Git Product home page Git Product logo

ecs-unleashed's Introduction

This project demonstrates the deployment of Consul with AWS EC2 Container Services (ECS). It heavily relies on Terraform and, obviously, Docker. It is intended to demonstrate some of the benefits of Consul with ECS staring with blue/green ugrades. It is also a "simple but yet complete/scalable stack" for testing and learning. It should be easy enough to setup so that people can fork it and do some interesting stuff. Whether it may or may not be used to bootstrap a production configuration is actually a good question.

Overview

The overall architecture the project generates is shown below:

ECS Unleashed Overview

It includes:

  • A VPC spread across 3 Availability Zones (AZ) with 3 private subnets and a subnet that can access the Internet. The underlying infrastructure, includes a Private Hosted Zone (Route53), a NAT and an Internet Gateway as well as a bastion server to access private subnets
  • An ECS cluster relying on an EC2 Launch Configuration/Autoscaling Group. It is and should remain a 3-instance cluster or, with a change to the bootstrap_expect parameter, it could be a 5-instance cluster
  • Consul and Gliderlabs/Registrator are deployed as Containers. They come from the Docker Hub
  • 2 Docker projects are included and stored in the account docker registry (ECR). They are 2 very simple Python Flask projects and can be used to demonstrate the blue/green update

Deployment and Removal

Configuring your environment

  • This project requires Docker for Linux; If you run on Windows/MAC, get a Linux VM/Instance to begin
  • Required components include AWS CLI, Terraform, Git, Make and OpenSSL.
  • If not already done, create an AWS account and a user in IAM that will be able to create and access the resources you plan to build. Get an Access/Secret Key for that user/account
  • Fork this repository in your GitHub account by clicking the "Fork" button. Once done, clone it from a Linux/Mac machine with git clone https://github.com/[your account]/ecs-unleashed.git
  • Choose and set the following environment variables:
    • ACCOUNT can be any name used to define your AWS account. You can use the name you've choosen to access your account or the account ID for instance
    • REGION is the AWS region you want to use. Note that the model relies on 3 AZ and you must use a region with 3 AZ or more
    • ENV is a name from the environment you want to build and is used to differentiate several concurrent environments. Due to some AWS naming limits, ENV is limited to 6 characters in length even if it is not enforced.
  • Register the Access/Secret Key with your AWS CLI; We rely on a convention that the profile is named [ACCOUNT]-[ENV] in the project
aws configure --profile=[youraccount]-[yourenv]

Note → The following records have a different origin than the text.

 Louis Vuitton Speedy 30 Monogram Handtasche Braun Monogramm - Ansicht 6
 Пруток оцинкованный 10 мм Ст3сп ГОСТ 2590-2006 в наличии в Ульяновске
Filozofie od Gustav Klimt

Note: It is very important to set the environment variables as expected ; if you don't you might end up destroying some resources. In order to avoid that, don't hesitate to set the variable as part of the command line and disabling the AWS CLI profile you don't want to use, including the default profile vy editing the ~/.aws/credentials file.

Configuring the project

The project assumes:

  • Some variables are store in terraform/configurations/[ACCOUNT]/[SHORTNAME]
  • State files are stored in a S3 bucket.

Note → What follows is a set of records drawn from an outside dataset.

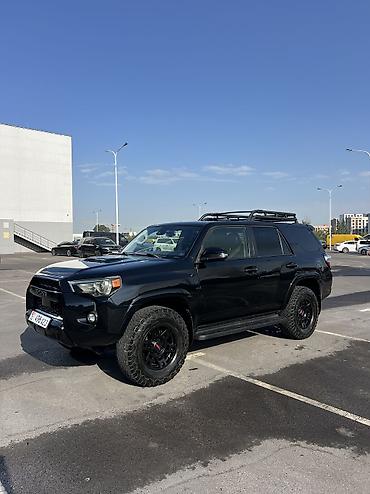 Унаа сатуу: Toyota 4Runner: 2020 г., 4 л, Автомат, Бензин, Жол тандабас — 7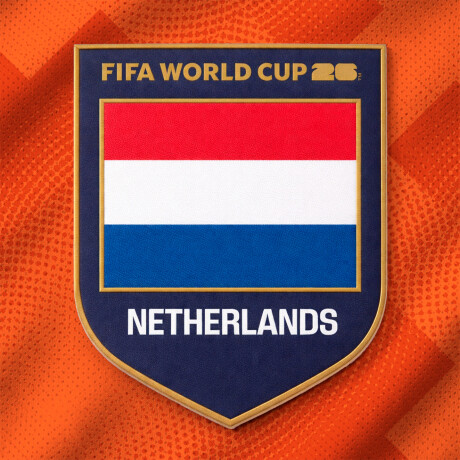 Camiseta Países Bajos Orange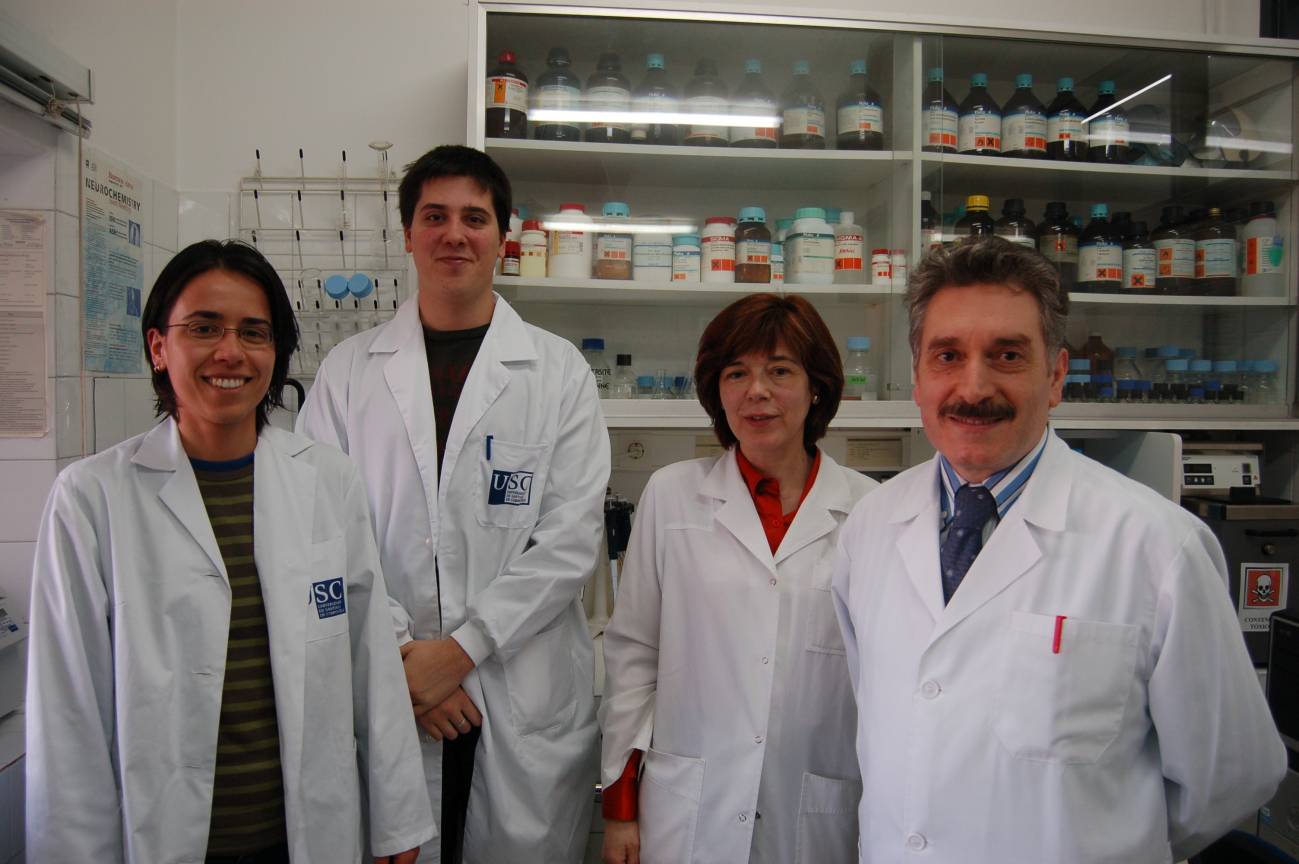 El Grupo de Investigación en Neurobiología Molecular y Celular de la Enfermedad de Parkinson de la Universidad de Santiago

Firt thing first, you must initialize the project. The command below creates a env.tfvars file with a uniquekey property in terraform/configurations/[ACCOUNT]/[SHORTNAME]. It also creates a S3 bucket named terraform-[SHORTNAME]-[UNIQUEKEY] to store the different state files:

ACCOUNT=[youraccount] ENV=[yourenv] REGION=eu-west-1 make init

You must adapt the configuration to your needs. Once the project initiated, change values in env.tfvars:

  • uniquekey do not change that value once initialize. It helps to link the project with its state.
  • region (default "eu-west-1") is the AWS region you plan to use
  • netprefix (default "10.1") is the /16 network prefix you plan to use with your VPC
  • keypair (no default) is a SSH key you hace created and stored on EC2 and can use to access instances
  • ami-ec2 (default "ami-9398d3e0") is the AMI of the Bastion instance. Update it with the latest AMI of your region
  • ami-ecs (default "ami-e988c39a") is the AMI of the ECS Cluster instance. Update it with the latest AMI of your region

Deploying the project

Assuming you've done everything as expected and don't break some secret rules, deploying the infrastructure should be as simple as:

ACCOUNT=[youraccount] ENV=[yourenv] make infrastructure

Once you've deployed the infrastructure, you should be able to build and push the docker applications:

cd docker/simple-api
ACCOUNT=[youraccount] ENV=[yourenv] make build
ACCOUNT=[youraccount] ENV=[yourenv] make install
cd ../simple-gateway
ACCOUNT=[youraccount] ENV=[yourenv] make build
ACCOUNT=[youraccount] ENV=[yourenv] make install

To deploy the docker container, run the command below:

ACCOUNT=[youraccount] ENV=[yourenv] make services

Destroying the configuration

Removing containers just require you run the command below:

ACCOUNT=[youraccount] ENV=[yourenv] make destroy_services

To destroy the infrastructure, run the command below:

ACCOUNT=[youraccount] ENV=[yourenv] make destroy

Note: When destroying the stack, you might get an error saying it cannot destroy Route53 PHZ because some records remain inside. It's seems due to a limit of Terraform that does not respect the force_destroy = true directive in aws_route53_zone. Remove the consulN.[yourenv].local records and run the destruction command again.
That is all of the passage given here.